The penalty for missing attestations is exactly the same as the reward for a successful one. Any downtime penalty will be recovered in the same amount of uptime.
Proposing a block is rare. Depending on the size of the validator pool, a single validator will on average only propose a block every few months. If you are unlucky enough to be offline at the time that your validator is asked to propose a block, that's also ok.
The Ethereum network is robust and designed to handle these situations. If you miss your block proposal, the slot that should have contained your block will be empty. Other than the lost rewards from missing the block proposal, there are no penalties or slashing that occurs from a missed block proposal.
If you have a large number of validators or want to minimize your downtime, consider running a second consensus and execution client pair and adding this endpoint to your already running validator client. This will ensure that if one of your client pairs goes down, your validator client will automatically fallback to the other one.

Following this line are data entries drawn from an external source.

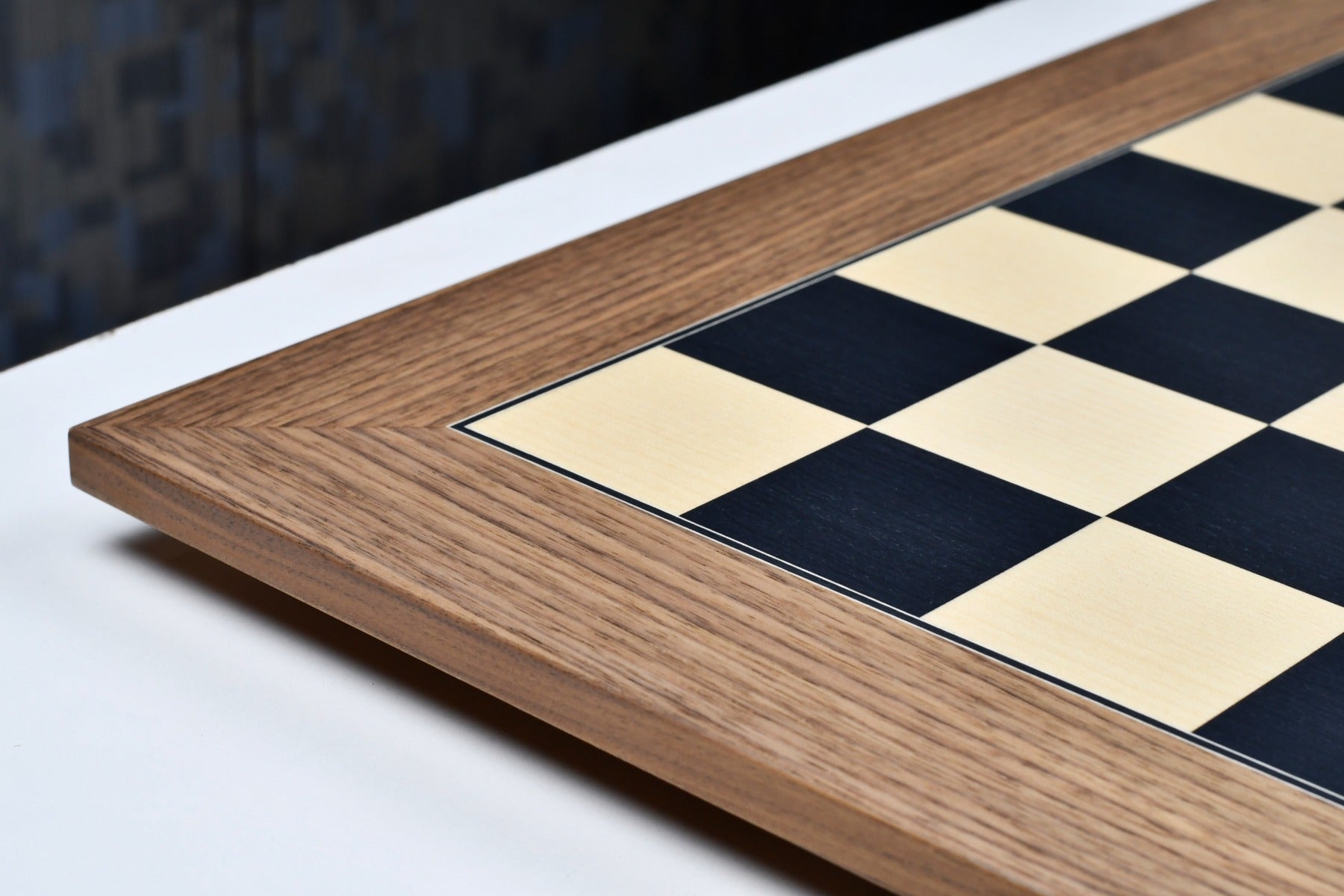 Matte black dyed poplar and sycamore chess board, edge view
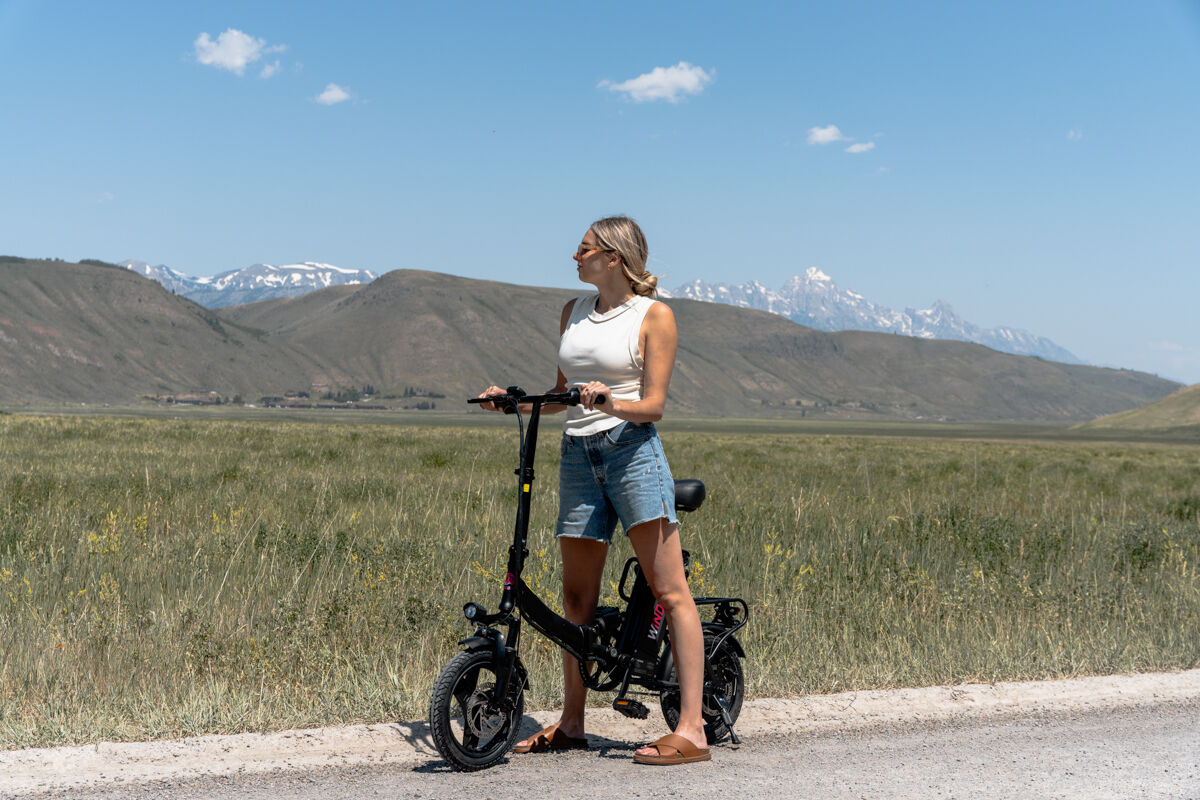 Women Standing Next to E-Bike on Gravel Road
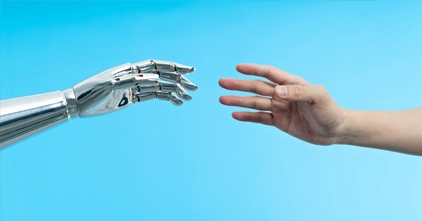 Human and AI in L&D and Assessment_Human and Robot Hands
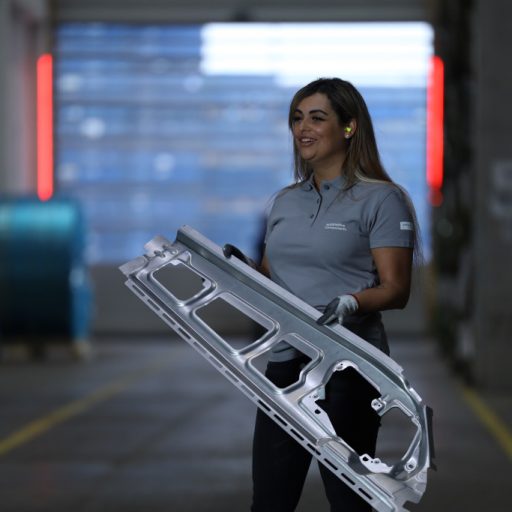 voestalpine employee holds a steel component in the production hall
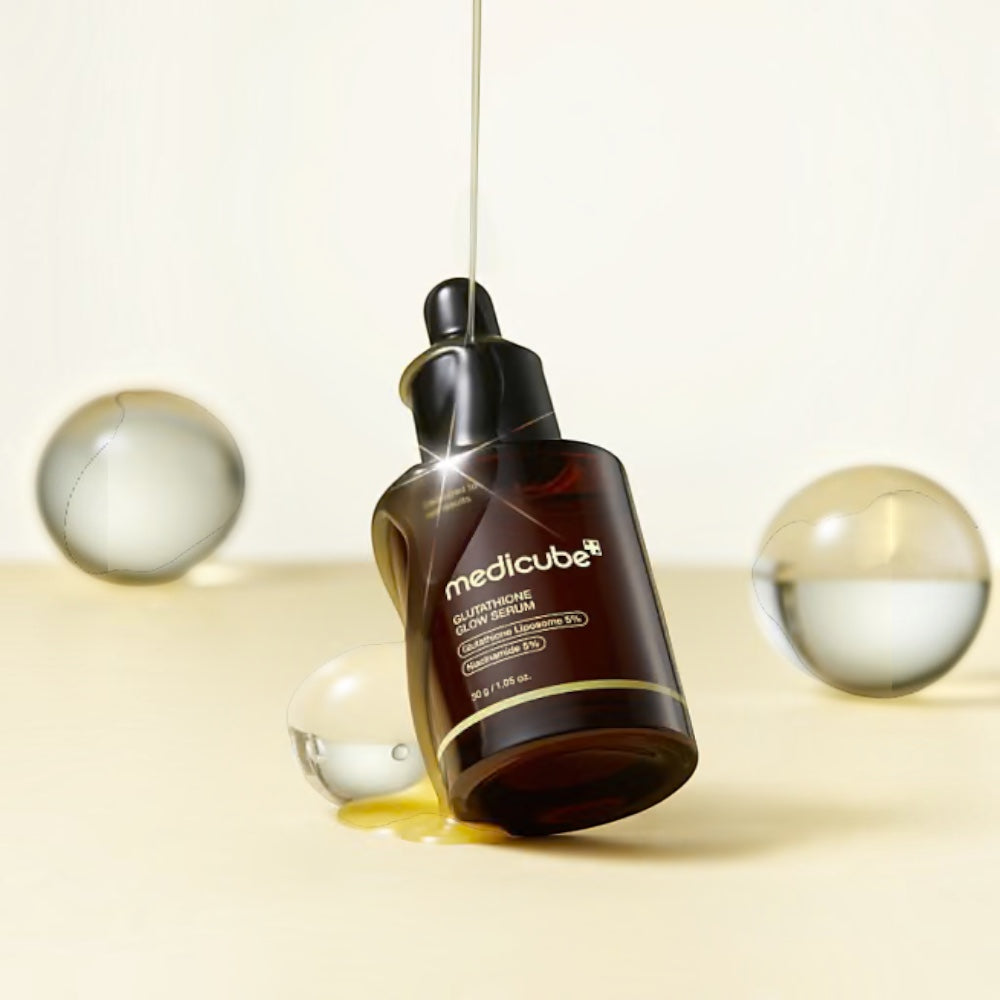 Medicube Glutathione Glow Serum by bareskin.lt in a dark glass bottle with a dropper, featuring a glowing texture.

Doing this is a supported function by all validator client software as each client has slashing protections to ensure that you do not attest twice, so you will not get you slashed.
Do not however, configure a second validator service. By doing so your risk of slashing goes up massively. You should only ever have your validator keys in one place at any one time. Missing out on a few days of rewards may seem bad at the time, but getting slashed and bleeding ETH while you wait out the 5 week exit period post-slashing is a lot worse!
Having a second consensus-execution clients is great, but having a second validator client is not.